Once upon a time, a dove, with predominantly white feathers, 25 cm long and 400 gm of weight, which lived in a nest made with twigs and straw, in the hollows of a wall of a building. She fed on vegetables, grains, seeds, and food scraps she was looking for in the trash, Mrs. Dove was diabetic, and the endocrinologist had told her to follow a stricter diet. This restriction interfered with her relationship with friends, which involved eating together on social occasions. Mrs. Dove reduced social contacts and thus became more isolated in her nest.

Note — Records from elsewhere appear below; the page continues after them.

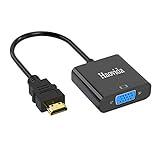 【Portátil y conveniente】: el adaptador HDMI a VGA liviano y portátil conecta un dispositivo compatible con HDMI a un monitor o proyector con un puerto VGA; Se requiere un cable VGA.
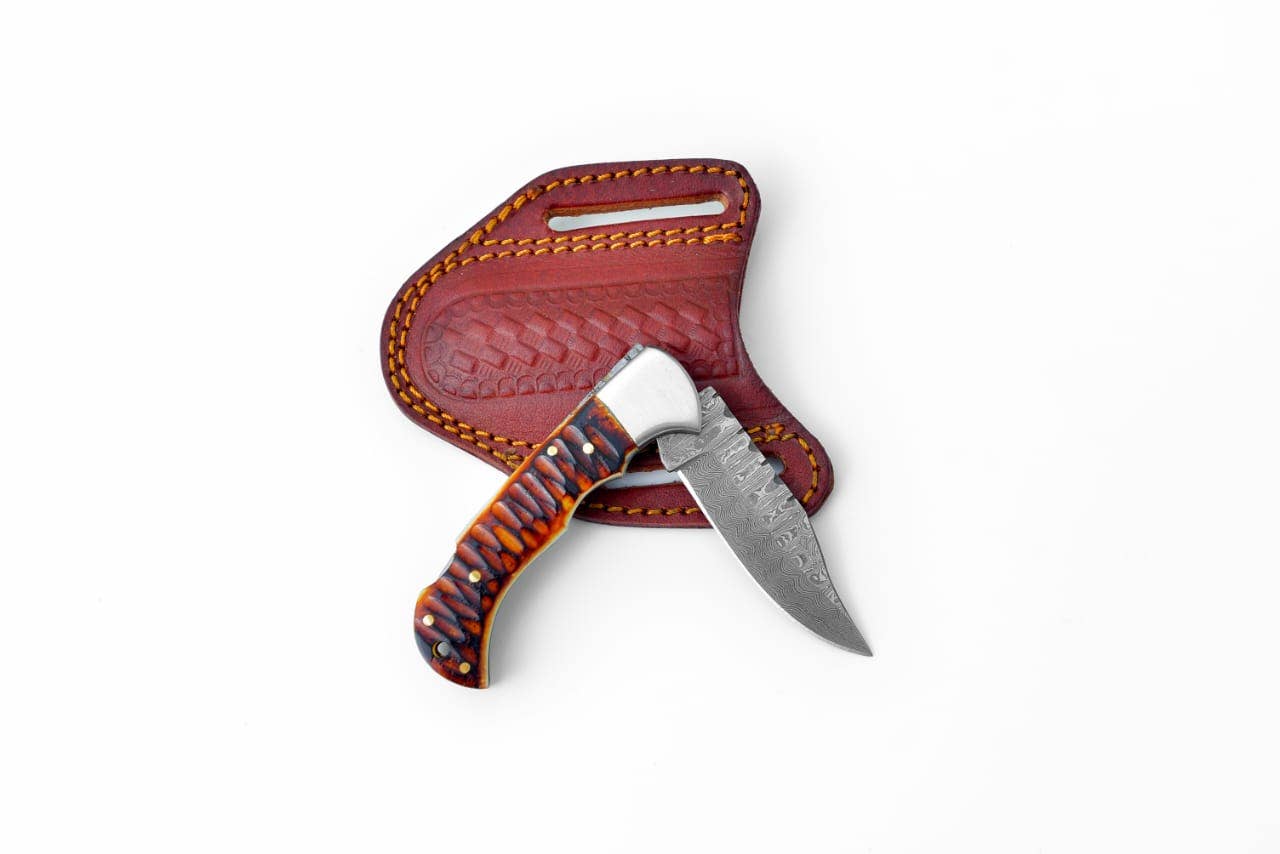 Titan International - Wholesale Pocket Knife/Holder - Stag Horn Style Damascus Folding Knife with Leather Sheath1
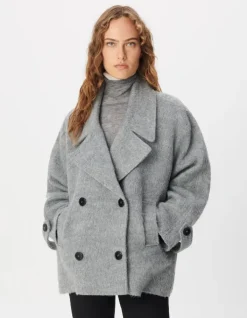 Manteau court gris lainage forme caban Femme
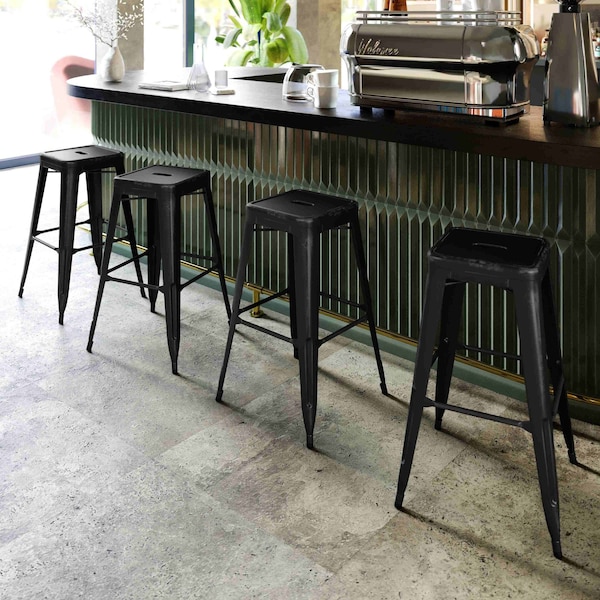Flash Furniture 4PK 30"H Backless Distressed Black Metal Barstool - 4-ET-BT3503-30-BK-GG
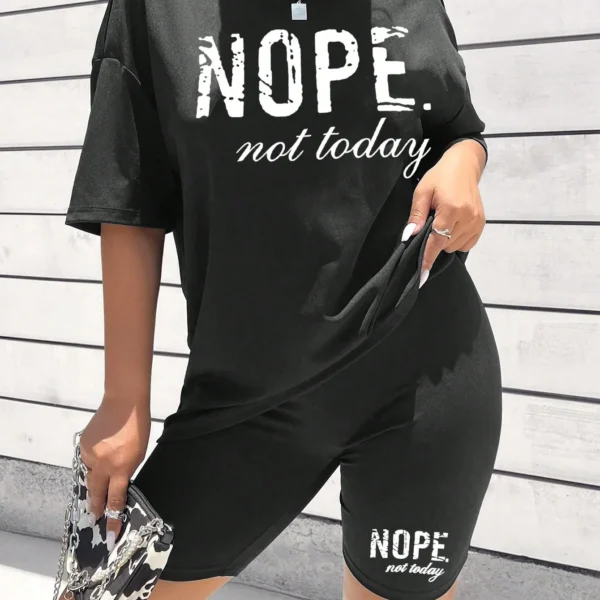 SMY Casual Trend Small Round Neck Women's Two Piece Set With Letter Print NOPE NOT TODAY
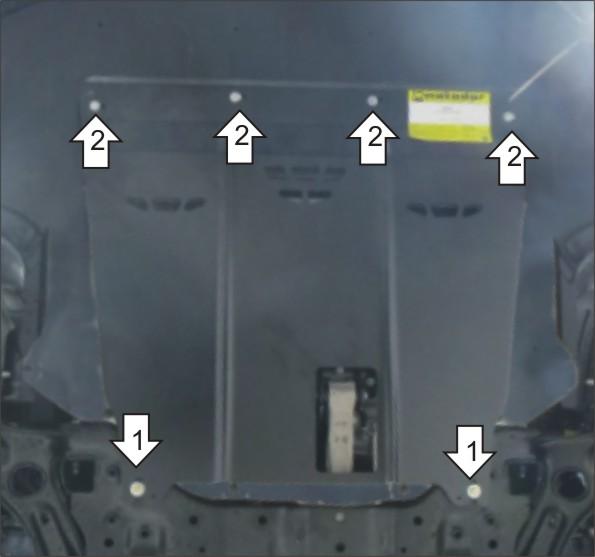 Защита стальная Мотодор (Двигатель, Коробка переключения передач), 2 мм, Сталь для Hyundai Sonata VII 2017-2019 арт. 70914
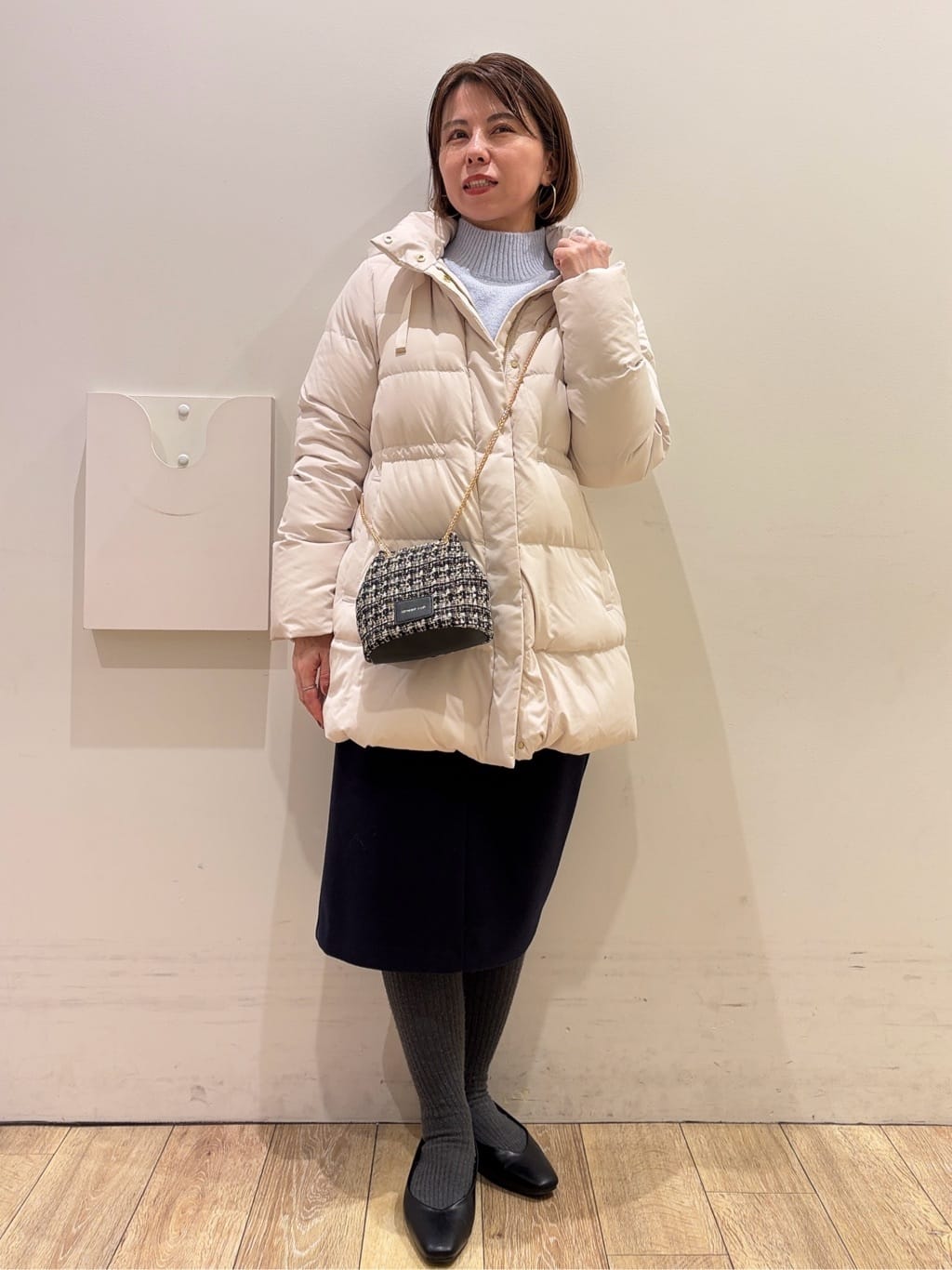 YUKOさんの「index｜選べる2丈 ハイネックカラーミックスラメニット【洗濯機OK】」を使ったコーディネート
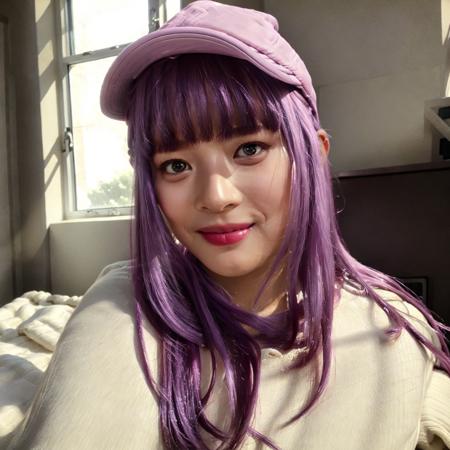 soft light, soft skin, (wider angle, waist up shot of HanniPham sitting on white bed:1), light pastel colored room, bokeh, f/1.8,  light purple bangs, inside, golden hour soft hair, HanniPham smiling, happy,  hair_bangs, wearing a cap, white hat, light pale purple hair, sitting on the bed, analog style, hyper realistic lifelike texture dramatic lighting, award winning photo, Nikon RAW photo, 8k, Fujifilm XT3, masterpiece, best quality, realistic, soft lighting, ultra detailed, extremely detailed face, window light rays, window bloom, volumetric lighting<lora:HanniPhamV1.0:0.95>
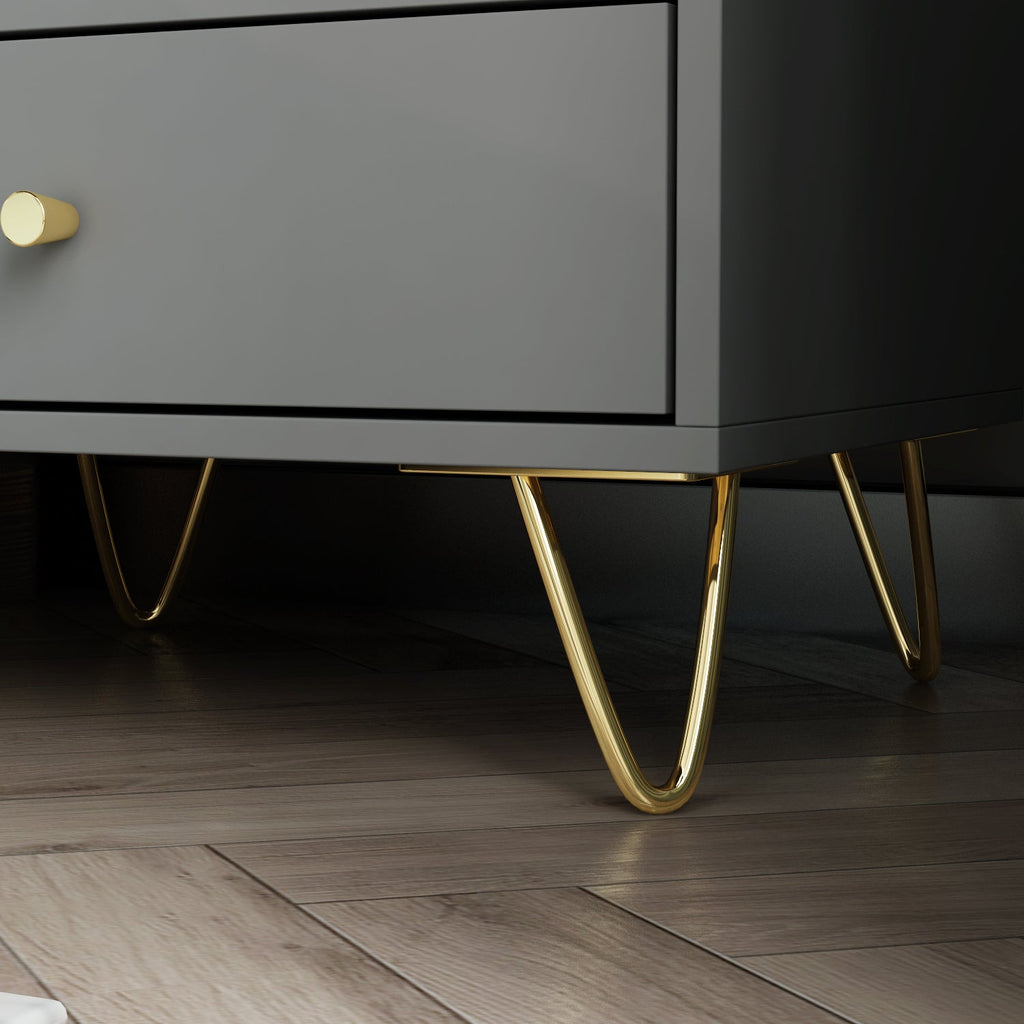 Nightstand Modern Bedside Table with Solid Wood Legs Minimalist and Versatile End Side Table 3 Drawers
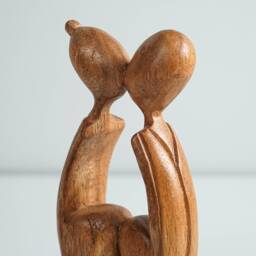 Kissing Couple Abstract Statue, Wooden Modern Art, Wood Carving, Handcrafted, Unique Abstract, Home Table Decor, Wedding Gift - thumbnail 4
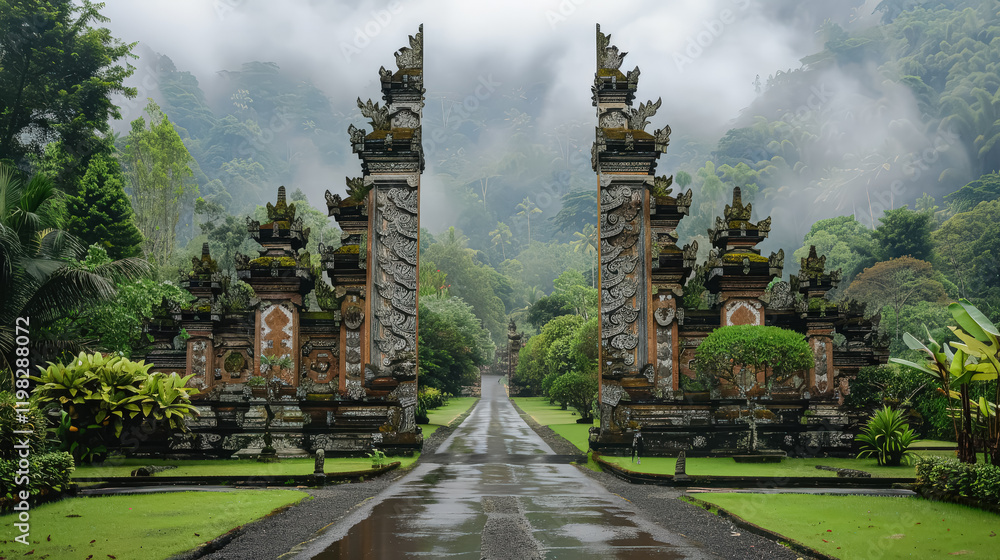 Poster large archway with a path leading through it. the archway is decorated with statues and the path is 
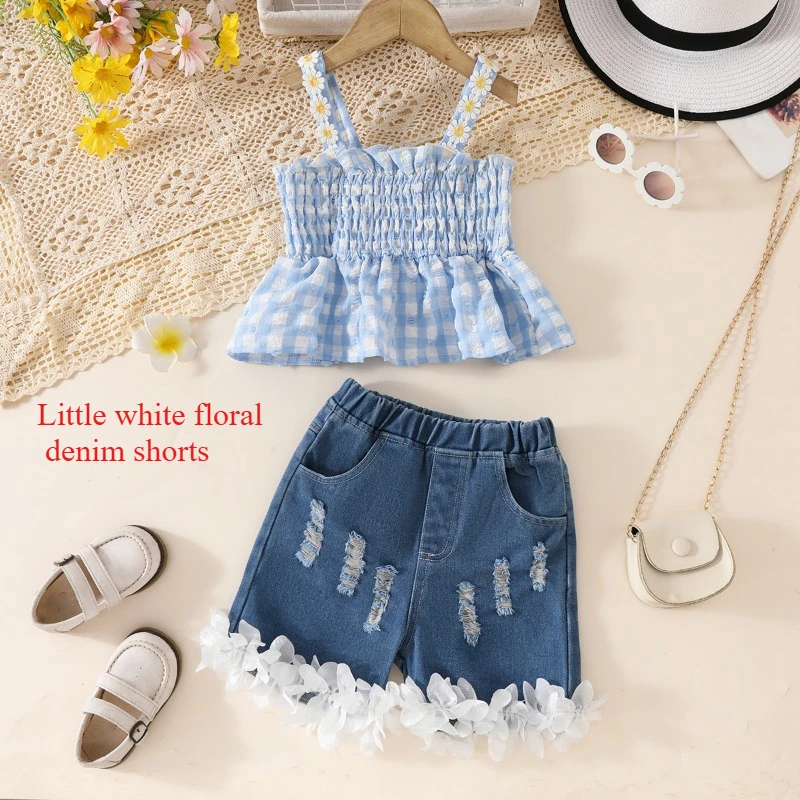 

2025 explosive 3-9Y girls suit summer new girls little girls pants halter vest top denim shorts 100-130cm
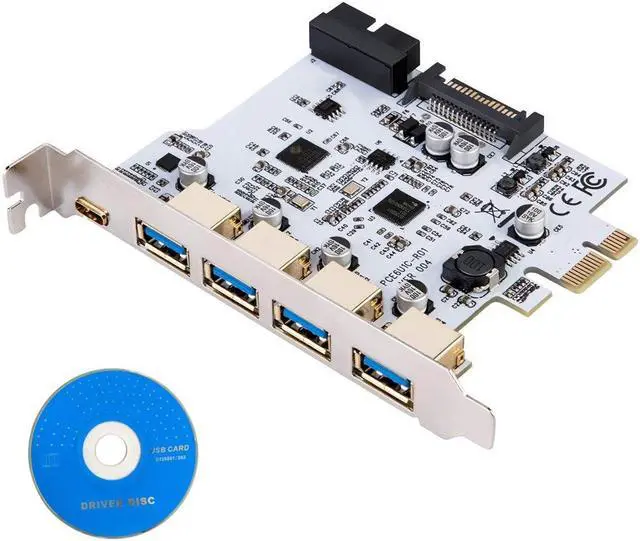 Alt view image 6 of 6 - Weastlinks USB 3.0 PCI-E Type C Expansion Card PCI Express PCI-E to USB 3.0 Controller 5Port + 1Port USB 3.1 PCI-E Card Adapter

Once upon a time there was a Crow, a large, obese bird, of 60 cm long and a weigh of 1.7 kg, with black plumage and blue and purple reflections. Mr. Crow had been diagnosed of gonarthrosis, using NMR and RX, and since he had pain in his legs when moving, the traumatologist recommended that he limit his physical activities. Thus, he limited his flights and lay down and dozed near the forest, and only lifted up his head lazily to observe what was happening around him. But this big rest was a further risk factor for their gonarthrosis to developing further, and the rest induced him to feed on excess cereals, berries, fruits, small invertebrates, amphibians, reptiles, small mammals and birds, gaining even more weight and worsening their gonarthrosis (Figure 1) [9,10].

general-practice-fable-seagull-dovet

Figure 1: The fable of the seagull, the dove, the crow and the albatross.

Once upon a time an albatross, this was an old and very large bird, with a plumage of a dark coloration on the upper part of the wings, while the lower part was white. Mrs. Albatross had been labeled as osteoporotic, after conducting Bone Densitometry, and that caused her fear of falls, and resulting in a reduction in mobility, failing to travel the usual great distances with their usual gliding flight, which led to a greater acceleration of bone loss, and an impoverished of his diet [11-14]. The family doctor was somewhat surprised:

“In these patients are as if a biomedical decision acted as a mistake that gave rise to new pernicious coincidences” thought the doctor.

Interventions based only on biomedical data, taking regardless of context, even if they are of the latest technology, can have negative consequences [15-17]. To work in Family Medicine without an orientation towards the context is to deprive the patient of reality, to isolate him or her from daily life as if existed in a material vacuum, to strip her or him of their multiple determinations, to strip it of the continuity of history, of her or him biography.